Having too much free time is a burden. There, I said it.
I had a job once where I could knock out my daily responsibilities in about an hour or two. The rest of the day I would sit at my desk and pass the time as covertly as possible. It wasn’t exactly a secret that I had nothing to do, but I didn’t want to advertise it either. Towards the end of the fiscal year, my manager realized she had a chunk of money she needed to use or the budget would be that much less the following year. In order to solve her surplus problem, she sent me to a conference in San Diego. The topic of the conference was only vaguely interesting to me, and completely unrelated to my job and skill set. I tried to make polite conversation with the other conference attendees, but it was painfully obvious that I knew nothing about the industry and had no business being there. Unfortunately I was (am) too much of a rule-follower to blow off the conference and enjoy San Diego. I tried to soak up the Cali vibes from my hotel room, enjoyed the dinners I could expense, and on the very last day skipped one of the optional seminars to take a nap. It was such a colossal waste of time and money, and the whole experience left me feeling cynical and disappointed. A few days after arriving back in Kentucky I got swine flu.
I would try to explain the mind-numbing tedium of this job to my friends and family, but no one was ever properly sympathetic. I was bringing Netflix DVDs to work and at some point realized that ordering TV shows was a better option because movies were over too quickly, leaving me with still too much day to chew up. The work I was being paid to do was vaguely support-ish so very, very occasionally the phone would ring or I would get an email. I would pause the media player, take out my headphones, say something like “you need to enter the month in a two digit format, like zero-two for February, and then the system will accept it. Okay great. No problem. Thanks, you too. Bye” and then click play again. My friends were all busy in graduate school or being analysts and bankers. They would send me emails at 2AM after getting home from work, and they all told me I should be grateful. I had the dream job. I was getting paid to do nothing.

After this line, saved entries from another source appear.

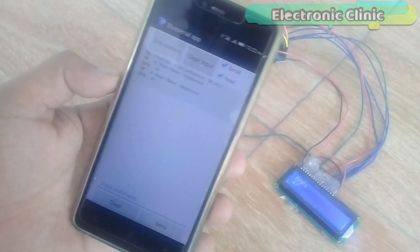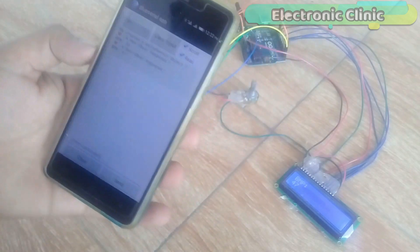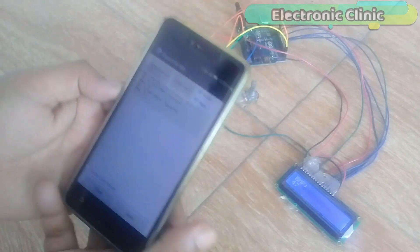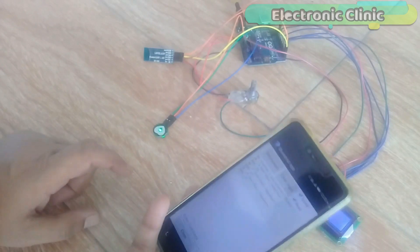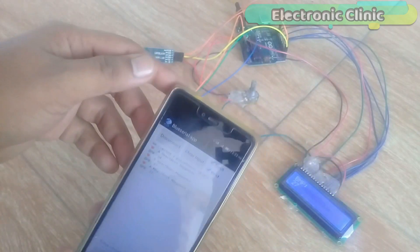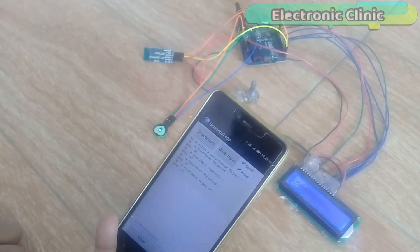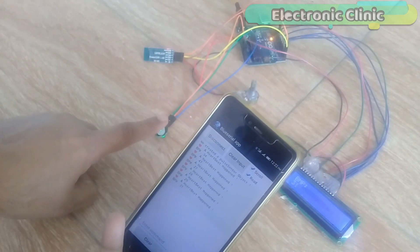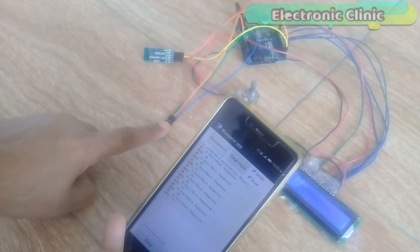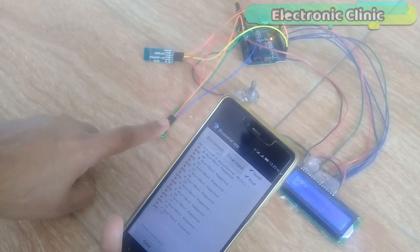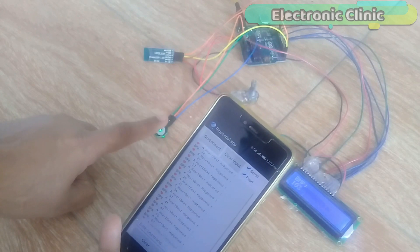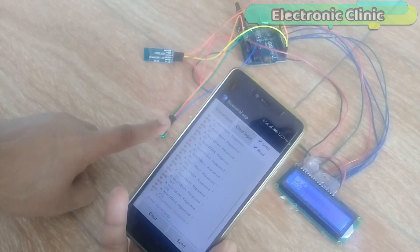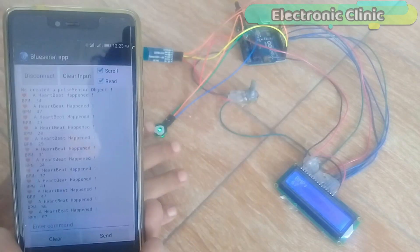In today's episode, you will learn how to wirelessly monitor the heartbeat rate or heartbeats per minute using the pulse sensor Arduino, a 16x2 LCD and HC05 or HC06 Bluetooth module.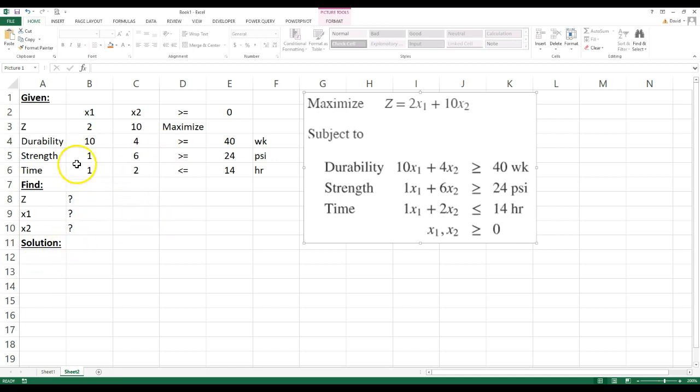Okay, so now you should have this typed in and I'm going to show you how to set this up. Very easy to solve this type of problem on Excel. You don't need Lindo or Lingo or any of those programs.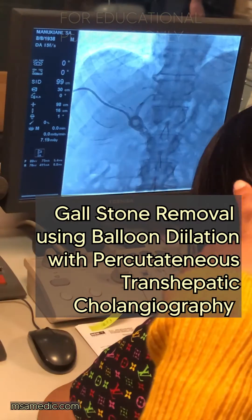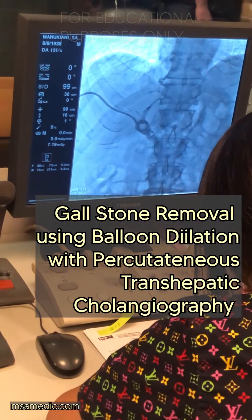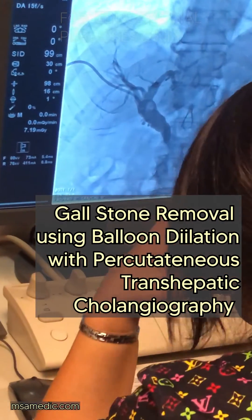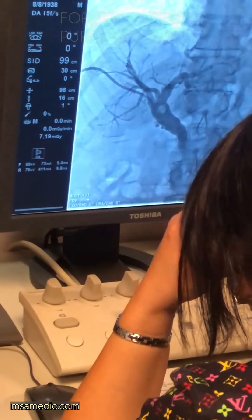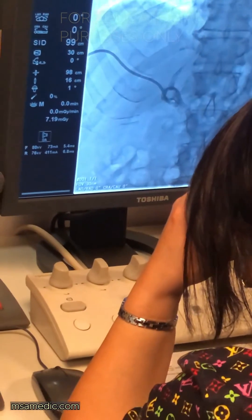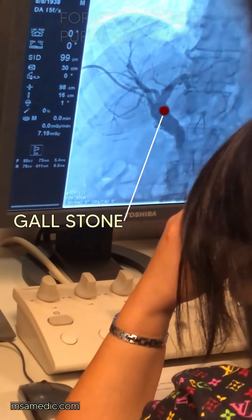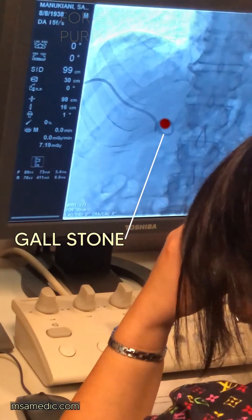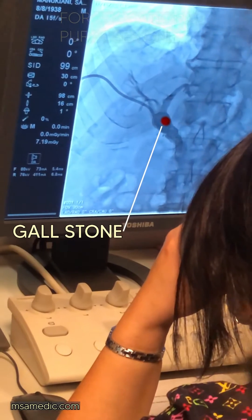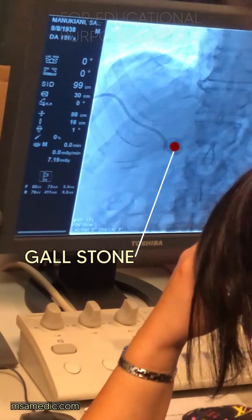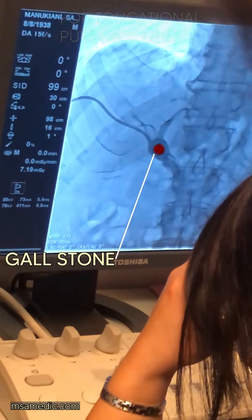What you're looking at is a percutaneous gallstone removal using fluoroscopic guidance. The round structure which you can see here highlighted in red — that's a gallstone.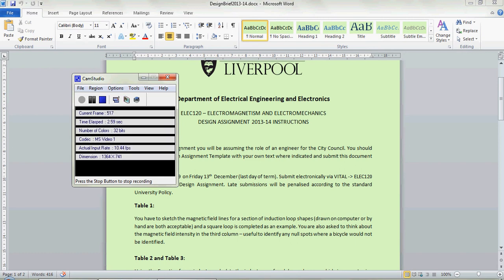This is a video to explain how you do referencing using Microsoft Word. The idea is that you're going to get Word to do all the difficult stuff for you and it's going to save you lots of time.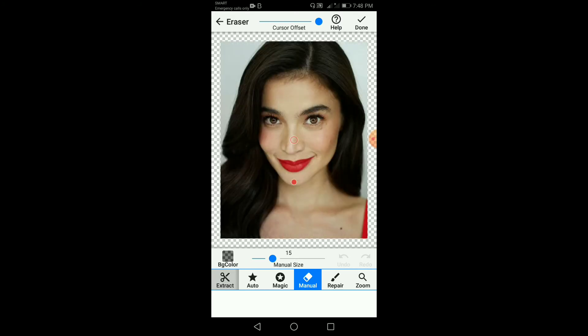Sa baba naman makikita natin yung manual side — ito yung size ng brush. Yung mas mababang number is mas maliit ang brush, and then the higher the number, yun yung mas malaki yung size ng brush. Meron ditong manual, magic, auto, extract, repair, and zoom. And then the BG color.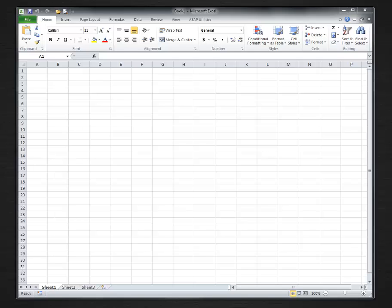This is a small video to show you how to manipulate Excel a little bit. I've already opened Microsoft Excel. This is version 2010 of Microsoft Excel.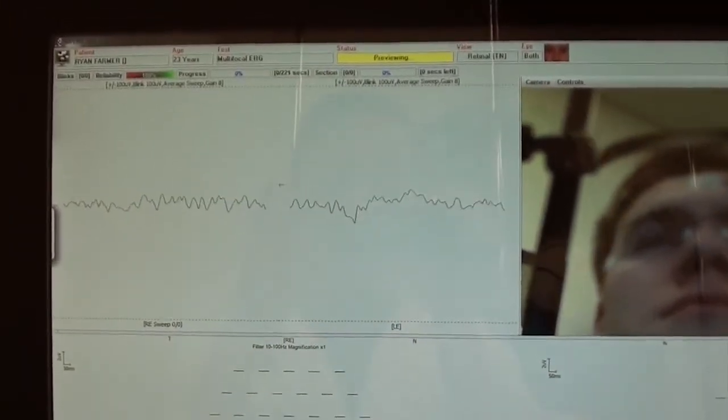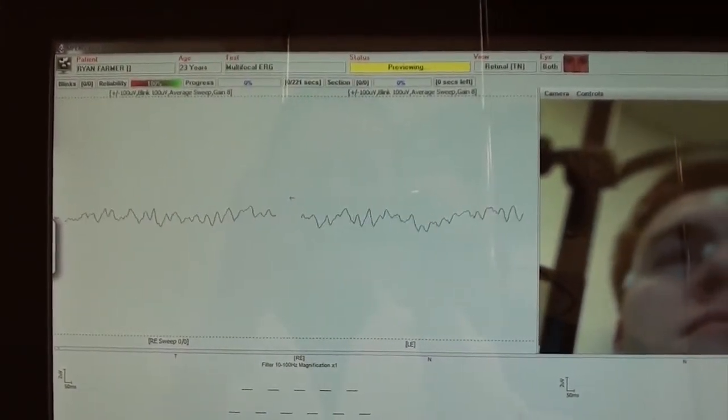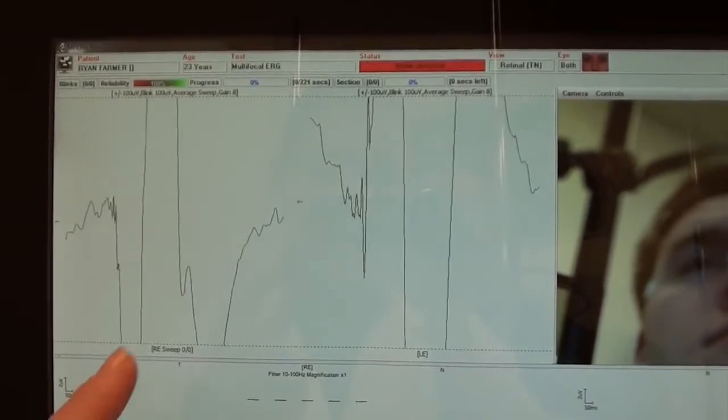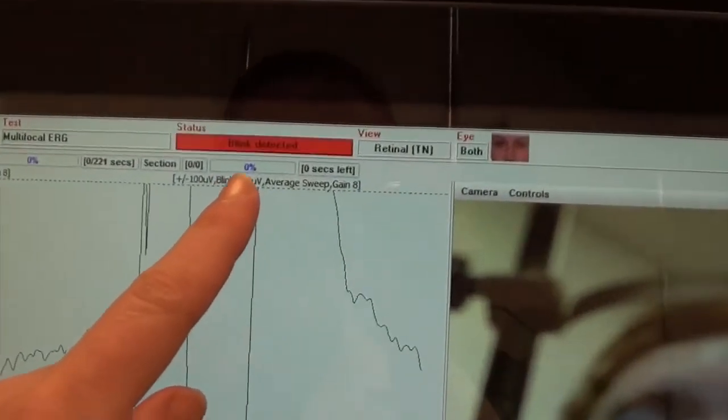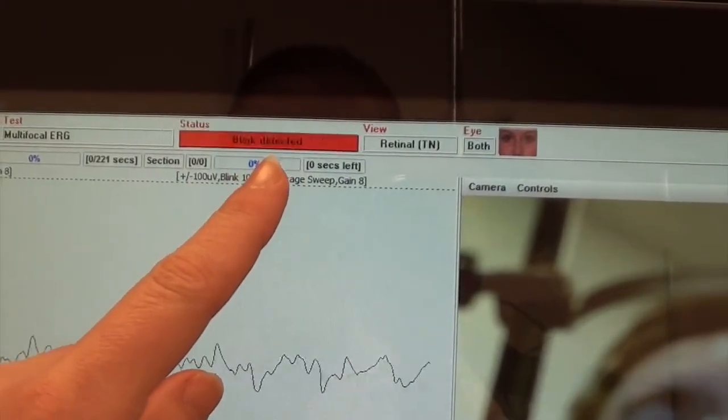The signal looks clean. If the patient blinks, we will see that coming through and we will be notified that a blink is detected.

Often I would stare at an empty Excel spreadsheet and daydream about the productive ways I could be spending my time if I wasn’t obligated simply to occupy my cubicle all day. I could clean my apartment. I could write the book that would finally launch my career as a writer who gets paid to write. I could get in incredible shape. I could learn a new language.
Later in life, when I had jobs that required my attention, I would daydream about the things I could accomplish if only I had more time and energy. If I could get away from the energy suck of office life, I knew that I would finally be able nurture that little seed of greatness that we all possess deep within into the ultimate realization of my true potential!! If only I could live somewhere vibrant and lively, I would be driven to push myself further, exploring new ideas and existing in a perfect feedback loop of inspiration and creation!!!!

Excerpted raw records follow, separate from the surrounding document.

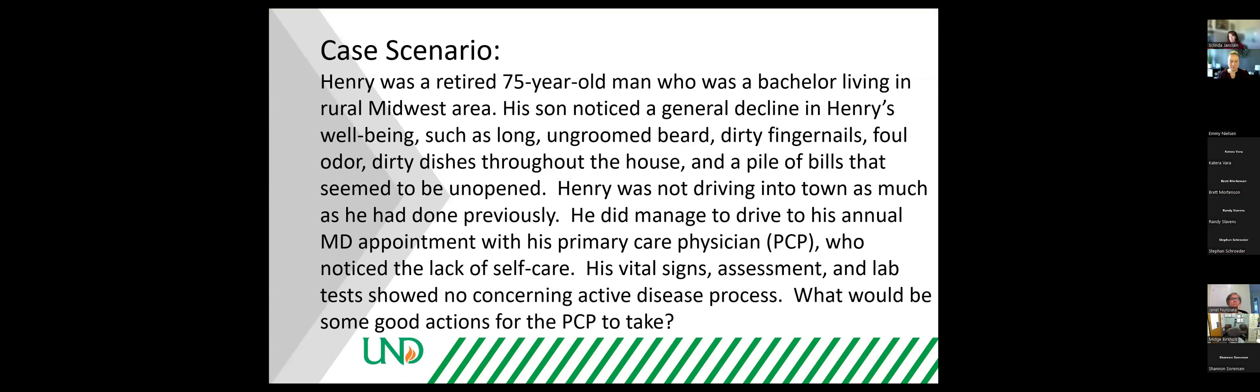This is Henry. He is a compilation of a lot of people I have seen over the years. Henry was a retired 75-year-old man who was a bachelor living in a rural Midwest area.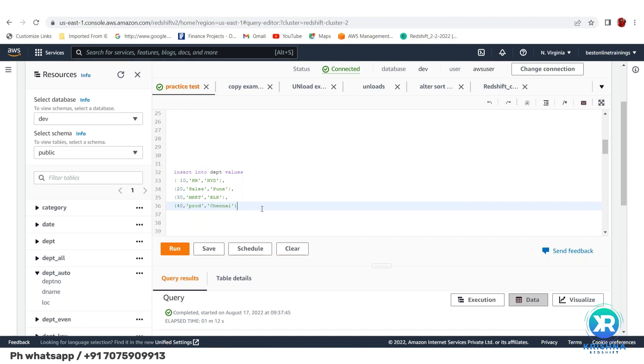Prasad, do you know SQL? Do you know that character columns should be wrapped in single quotes? Yes sir, I saw videos on YouTube.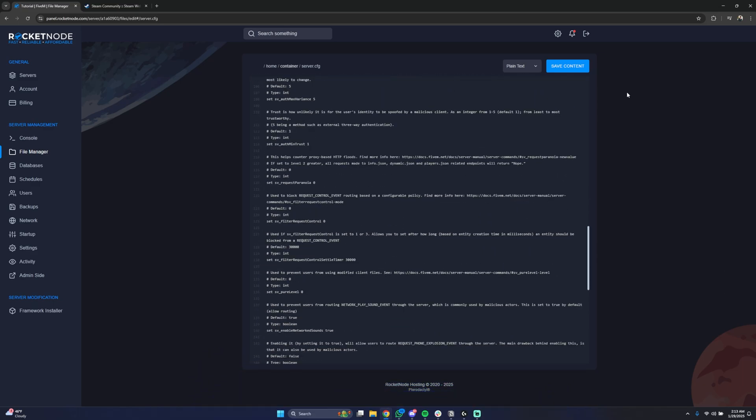In order to use an economy-based framework for your 5M server like ESX or QBCore, you're also going to have to generate a Steam API key.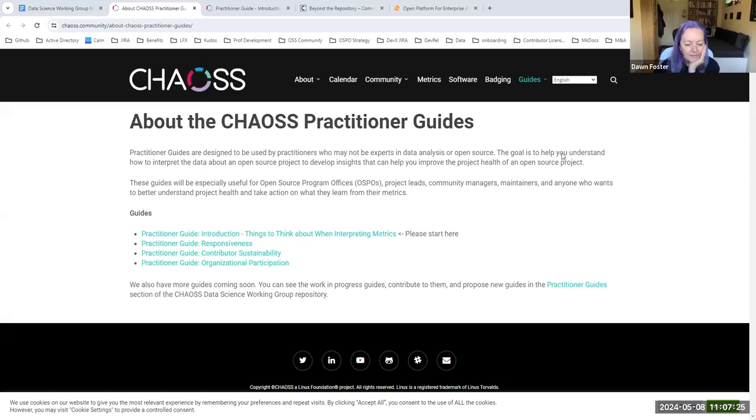We're also always looking for contributions. There are issues created with some of the ones that we know we definitely want. People can create new issues if there are some practitioner guides that you'd like us to have that we haven't thought about yet. You're welcome to either create an issue if you have some questions about it or submit a pull request with proposed changes.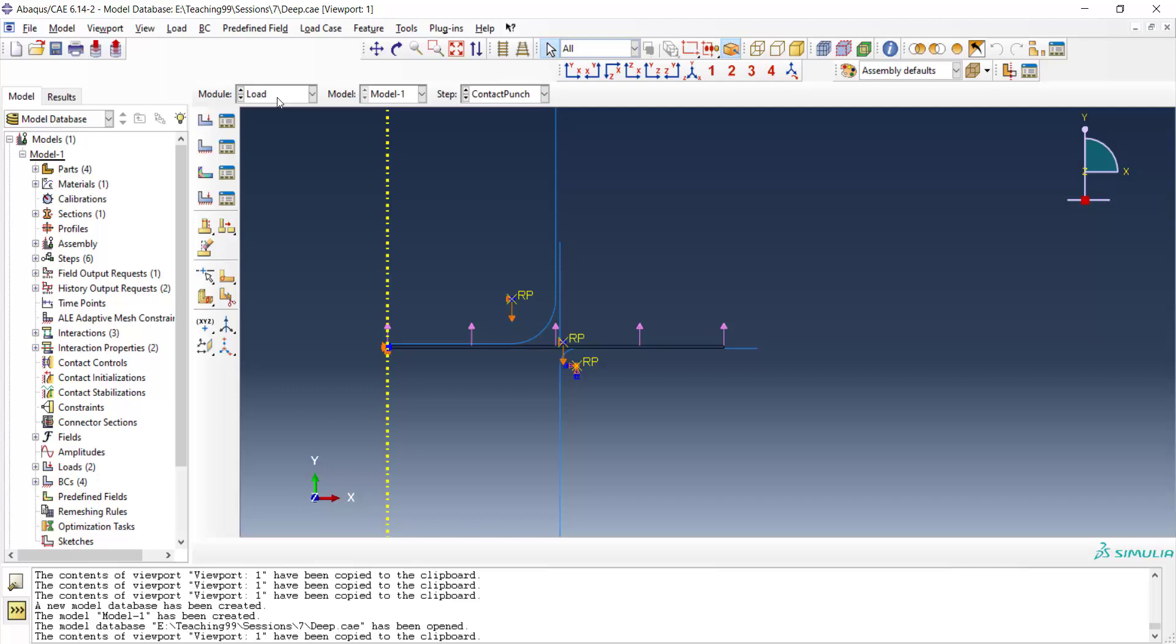Welcome to this video. In our three previous videos we explained how to model a deep-drawing process as an axi-symmetric problem in Abacus software using Abacus standard method.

And then I quit my job, we moved to Amsterdam and I got exactly what I asked for. Except for a brief dalliance with a company that was totally not my type, I’ve been largely unemployed since we moved here in September of 2014, giving me just the kind of time and energy in a beautiful city that I’ve always wanted. Hurray?
If the past several months are an indication of the kind of greatness seed that I’ve been storing, I’m well on my way to realizing my potential as one of the best listeners of podcasts in all the land. My excellence at finding typos in articles on Slate is unparalleled. And my deep knowledge of the Netflix online catalogue is astonishing.
I have a loving, supportive partner who happily pays most of the bills; I live in a city that is world-renowned for start-ups and small businesses; I’m drowning in free time. I even have a personality type that’s really well-suited for creativity and independence (where my INFJs at?). It’s an embarrassment of riches. What do I have to show for it?
13 ways to tell you’re a grown-ass adult who is completely adrift with no purpose in life!
- You write a couple of whiny posts about the expat experience and then abandon your blog for weeks of content-free silence.
- You have a moderately active Instagram account that fluctuates between heavy use of hashtags that garner a bunch of likes, and complete disavowal of hashtags because hashtags are for people that know what they want.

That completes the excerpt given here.